My interest in this pianist has soared recently, and I just love Alfred Cortot's Chopin playing. It sounds so spontaneous, almost improvised, yet still his interpretations manage to capture the scope and feeling of the work, keeping it all cohesive, despite his manner of pushing and pulling the tempo all the time etc.
I see a lot of comments from people who doesn't like him who say that he uses too much rubato or that Chopin "should" be played in a more restrained, even manner, without big and "too expressive" phrasing. However, after having grown accustomed to Cortot's way of playing I feel that I find more and more modern recordings very sterile and boring, and very samey (can't tell pianists apart), while he has an instantly recognizable personality in his playing. I'm not saying Cortot is the only alternative though, there are a lot of great recordings of the Ballades out there that I love.
But onto the topic, what would happen if more pianists started to play more in his "unconventional" manner? How would critics and audience react to this spontaneous, improvised and sensitive way of playing Chopin? Would the pianist be dismissed as an idiot who forgot to bring his metronome and rejected for not following the "conventional" way of playing Chopin? Would it hurt to return a bit to the manners of his (Cortot's) era of pianism?
I might sound ignorant but I'm just curious 
I like your question, but just on instinct, I reject the notion that those who play freely, or with personality, are ignored these days.
To best answer it, you should ask yourself, who are the highest regarded Chopin players of today, and how is their playing? In other words, start at the top, not at what a teacher said, or what you heard in a masterclass, or what the latest winner of Blah Blah International Competition plays.
I suspect you may find, taking this approach, that performers are not as constrained as you think. We're so bombarded with recordings of the same pieces, it is easy to forget the all those are going to be forgotten, and only the best will stand out.
how many pianists were playing at the time of Cortot? Not as many as today, probably, but a damn lot. History filtered them out, leaving only a few of his generation to stand the test of time.
That said, my personal view of Cortot is a
bon vivant who happened to play piano. He obviously didn't kill himself practicing, and made up for it with a superlatively suave and charming personality (both at the keyboard and away), and with manipulating the technology of the day brilliantly.

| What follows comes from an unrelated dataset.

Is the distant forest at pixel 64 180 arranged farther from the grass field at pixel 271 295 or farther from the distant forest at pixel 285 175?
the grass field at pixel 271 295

I think it was Zimmerman who said he listened to remastered Cortot recordings, only to find that he was faking his way through the entire set of Chopin etudes. But then he realized, that it was part of Cortot's genius, to play to the primitive microphones in such a way that you couldn't tell, and that the thrust of the music was so powerful and clear.
About "returning to manners:" the conventions that spring up in any era are a product of that era. I've heard people advocate breaking the bass note and treble, just because it was done in the past. That is not a sufficient reason. Anything we do for expressive effect has to be able to be understood by the people we are playing to. Just to imitate recordings is really not enough.